There is an interesting halachic debate about the kosher status of dyes used in the service of the Beis HaMikdash. Only materials that are derived from kosher items may be used to perform mitzvos (for example parchment must come from a kosher species that was shechted).5 As such, the outfit of the Kohen Gadol and the red heifer sacrifice contained a dye translated as "worm red".6 Some authorities claim it did not consist of actual worm but either resembled a worm or was derived from hard objects found in the worm’s intestine.7 Others claim it was the actual dried out worm which lost its forbidden status because it was no longer fit for canine consumption and was considered "dust".8 This qualification is derived from the aforementioned dispute regarding carmine.
Like the Maccabees who merited to reclaim and rededicate the Beis HaMikdash, may we merit the Final Redemption and the Beis HaMikdash HaShlishi where we can experience the vibrant colors of the Temple service and once again make the red dye for the clothes of the Kohen Gadol.
1. Gemara, Shabbos 139b.
2. Pri Chodosh, Darkei Teshuva 102:5; Minchas Yitzchak, Chelek Gimmel, 96:2; Rav Ovadia Yosef, Yabia Omer 8:11.
3. Vayikra 11:20-23.
4. Minchas Yitzchak, Chelek Gimmel, 96:2 (Noda B’Yehuda Siman 25).

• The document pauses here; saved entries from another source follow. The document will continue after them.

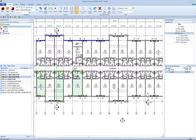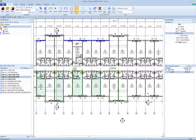If the second point is to the right of the first point, the points are arranged in a clockwise direction and the rectangle area is positive. If the second point is to the left of the first point, the points are arranged in a counterclockwise direction and the rectangle's area will be negative. Negative areas can be used for cutouts, such as windows in a wall. Please see the cutout training video to learn more.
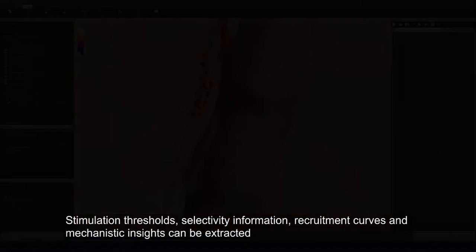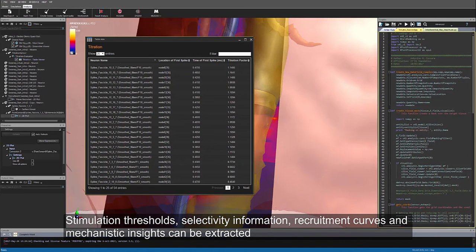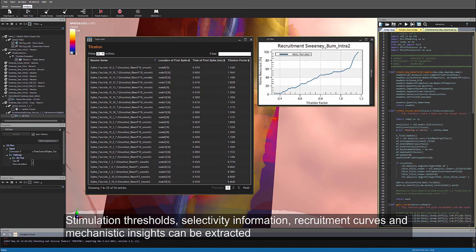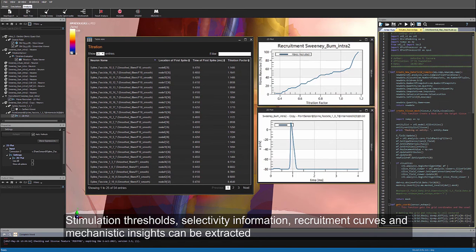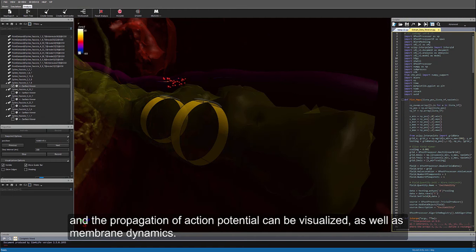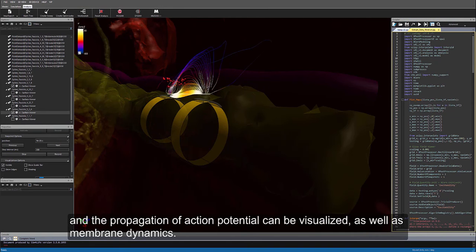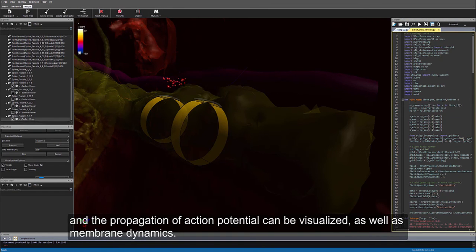Stimulation thresholds, selectivity information, recruitment curves, and mechanistic insights can be extracted, and the propagation of action potential can be visualized as well as membrane dynamics.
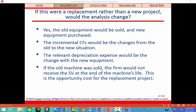If this were a replacement rather than a new project, would the analysis change? Yes, it would. In a replacement analysis, we need to find differences in cash flows — the cash flows that would exist if we take on the project versus those if we did not. For each year, the table would need a column for no change, a column for the new project, and a column for the difference. The difference column is the one used to obtain the NPV, IRR, modified IRR, and payback.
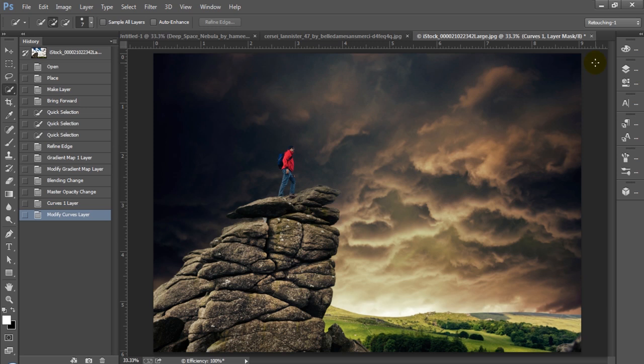That looks a little better, and if I really wanted to, I could blend this together further with more lighting by using the dodge and burn tool. But I actually think for our purposes this looks pretty good and we've got a much more epic scene than what we previously had. It's almost got a pride rock kind of feel from the Lion King.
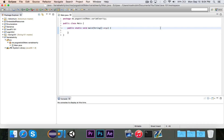Hey guys, Pogo here, and welcome to the next episode of Java 101. In this episode, I'm going to introduce you to something called variable arity, or var args. You've probably heard of this before, but you might not know the actual name. Basically, variable arity is a piece of syntactical sugar for declaring arrays as parameters, and this will make more sense in a second.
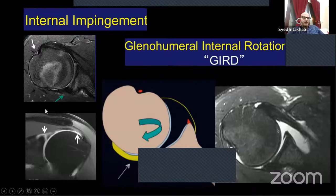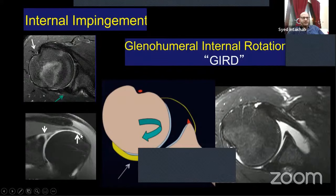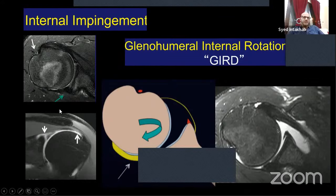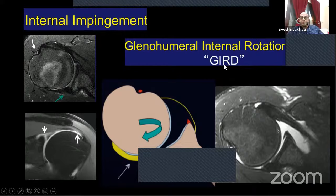This is the same slide showing a superior labral tear (SLAP) with articular surface tear of the posterior fiber of supraspinatus — posterior superior impingement. There is also posterior capsule thickening. The mechanism is called glenohumeral internal rotation deficit (GIRD), where there is posterior descent of the humeral head and the posterior capsule becomes thick.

5. Gemara, Shabbos 28b; Shulchan Oruch, Orach Chaim 32:12. The Magen Avraham (586:3) states that in this principle all mitzvos are patterned after tefillin. However, the Shu”t Beit Shlomo (Orach Chaim 108-109) permits candles made of non-kosher fats for Chanukah and Shabbos.
6. Shemos 25:4.
7. Rambam, Hilchos Para Adumah, Perek Gimmel, Halacha Beis.
8. Me’am Lo’ez, Parshas Terumah 25:4.